Ce vestige des temps anciens ouvre une fenêtre directe et unique sur les premiers âges de la formation des étoiles dans l’univers et sur la mise en place des structures stellaires à cette époque très reculée. Les cartes de la Voie lactée, en constante amélioration grâce à la mission Gaia et à l’étude Pristine, continueront à contribuer à la découverte de ces groupes exceptionnels d’étoiles qui sont de précieux fossiles des temps anciens.
Métallicité des étoiles
Le Soleil est composé à 98,5% par les deux éléments atomiques les plus légers de l’univers : l’hydrogène et l’hélium. La somme de tous les autres éléments atomiques plus lourds (carbone, oxygène, fer, etc.) ne représente que 1,5% de la masse totale de notre étoile. La grande majorité de ces éléments lourds est produite au sein des étoiles massives.
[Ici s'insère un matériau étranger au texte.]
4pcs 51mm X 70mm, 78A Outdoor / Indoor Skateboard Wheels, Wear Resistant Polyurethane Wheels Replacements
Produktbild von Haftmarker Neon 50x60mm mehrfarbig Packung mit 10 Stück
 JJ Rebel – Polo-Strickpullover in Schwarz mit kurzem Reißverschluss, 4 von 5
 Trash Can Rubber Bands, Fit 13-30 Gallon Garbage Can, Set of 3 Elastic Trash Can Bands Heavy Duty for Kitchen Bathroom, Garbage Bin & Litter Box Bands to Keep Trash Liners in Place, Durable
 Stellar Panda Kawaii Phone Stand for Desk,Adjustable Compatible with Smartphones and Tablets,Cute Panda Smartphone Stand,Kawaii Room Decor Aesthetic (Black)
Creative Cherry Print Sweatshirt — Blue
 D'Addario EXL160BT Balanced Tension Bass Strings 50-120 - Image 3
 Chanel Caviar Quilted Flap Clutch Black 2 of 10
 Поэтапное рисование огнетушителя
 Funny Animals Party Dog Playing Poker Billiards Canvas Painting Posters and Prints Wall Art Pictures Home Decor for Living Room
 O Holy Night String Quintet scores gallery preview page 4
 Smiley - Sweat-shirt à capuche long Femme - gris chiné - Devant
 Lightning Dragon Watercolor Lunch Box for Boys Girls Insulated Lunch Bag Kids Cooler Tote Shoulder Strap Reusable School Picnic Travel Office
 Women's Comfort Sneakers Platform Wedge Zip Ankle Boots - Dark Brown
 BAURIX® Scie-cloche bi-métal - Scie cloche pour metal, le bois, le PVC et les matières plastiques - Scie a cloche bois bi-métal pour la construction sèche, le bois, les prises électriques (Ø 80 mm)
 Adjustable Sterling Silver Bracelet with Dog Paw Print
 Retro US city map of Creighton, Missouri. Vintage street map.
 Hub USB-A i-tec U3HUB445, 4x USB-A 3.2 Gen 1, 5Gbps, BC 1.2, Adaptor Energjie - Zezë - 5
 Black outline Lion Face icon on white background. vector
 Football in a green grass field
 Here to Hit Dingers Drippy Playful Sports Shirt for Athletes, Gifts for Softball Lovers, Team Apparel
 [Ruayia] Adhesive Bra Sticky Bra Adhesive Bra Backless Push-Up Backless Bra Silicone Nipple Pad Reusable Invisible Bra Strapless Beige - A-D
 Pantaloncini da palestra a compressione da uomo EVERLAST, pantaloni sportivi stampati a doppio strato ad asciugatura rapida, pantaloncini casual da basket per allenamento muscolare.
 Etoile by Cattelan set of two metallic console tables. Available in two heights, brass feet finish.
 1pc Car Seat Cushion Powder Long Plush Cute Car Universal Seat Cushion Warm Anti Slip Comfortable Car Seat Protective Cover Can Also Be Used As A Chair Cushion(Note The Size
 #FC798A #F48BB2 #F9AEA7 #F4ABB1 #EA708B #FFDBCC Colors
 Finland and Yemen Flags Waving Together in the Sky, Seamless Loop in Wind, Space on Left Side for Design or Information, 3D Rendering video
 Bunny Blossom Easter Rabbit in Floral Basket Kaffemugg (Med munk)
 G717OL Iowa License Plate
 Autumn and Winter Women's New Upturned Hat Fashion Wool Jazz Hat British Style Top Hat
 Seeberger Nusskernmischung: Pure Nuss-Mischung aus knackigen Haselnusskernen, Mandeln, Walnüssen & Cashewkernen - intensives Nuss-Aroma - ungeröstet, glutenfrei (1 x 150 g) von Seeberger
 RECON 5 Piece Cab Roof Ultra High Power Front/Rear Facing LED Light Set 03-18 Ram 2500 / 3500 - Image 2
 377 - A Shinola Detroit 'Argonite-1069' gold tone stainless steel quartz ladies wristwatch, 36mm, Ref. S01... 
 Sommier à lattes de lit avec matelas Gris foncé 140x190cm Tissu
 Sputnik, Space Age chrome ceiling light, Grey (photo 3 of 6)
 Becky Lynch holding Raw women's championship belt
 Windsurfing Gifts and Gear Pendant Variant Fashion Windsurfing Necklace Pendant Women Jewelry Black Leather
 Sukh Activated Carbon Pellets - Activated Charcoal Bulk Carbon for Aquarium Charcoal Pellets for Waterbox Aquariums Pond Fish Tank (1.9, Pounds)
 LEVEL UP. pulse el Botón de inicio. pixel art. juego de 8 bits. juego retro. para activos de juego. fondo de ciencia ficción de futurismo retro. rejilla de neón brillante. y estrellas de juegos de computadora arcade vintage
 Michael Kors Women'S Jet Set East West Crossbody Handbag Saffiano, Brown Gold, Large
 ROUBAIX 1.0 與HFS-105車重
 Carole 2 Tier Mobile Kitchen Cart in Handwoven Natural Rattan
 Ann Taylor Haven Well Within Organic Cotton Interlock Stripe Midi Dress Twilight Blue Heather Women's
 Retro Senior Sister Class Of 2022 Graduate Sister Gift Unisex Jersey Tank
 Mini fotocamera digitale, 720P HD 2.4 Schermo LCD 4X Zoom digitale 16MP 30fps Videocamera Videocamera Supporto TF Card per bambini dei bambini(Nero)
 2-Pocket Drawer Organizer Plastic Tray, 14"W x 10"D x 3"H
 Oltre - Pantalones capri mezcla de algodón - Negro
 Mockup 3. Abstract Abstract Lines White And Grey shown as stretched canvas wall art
Lorsque celles-ci atteignent les derniers stades de leur évolution, elles cèdent ces éléments au gaz interstellaire par le biais des vents ou lorsqu’elles explosent en supernovae. De nouvelles étoiles naissent de ce gaz interstellaire désormais enrichi, comme le Soleil il y a 4,5 milliards d’années. Cela implique que les premières générations d’étoiles étaient très pauvres en éléments lourds. Les étoiles qui composent le courant C-19 présentent des abondances en éléments lourds (appelées métallicité) 2500 fois plus faibles que celles trouvées dans le Soleil !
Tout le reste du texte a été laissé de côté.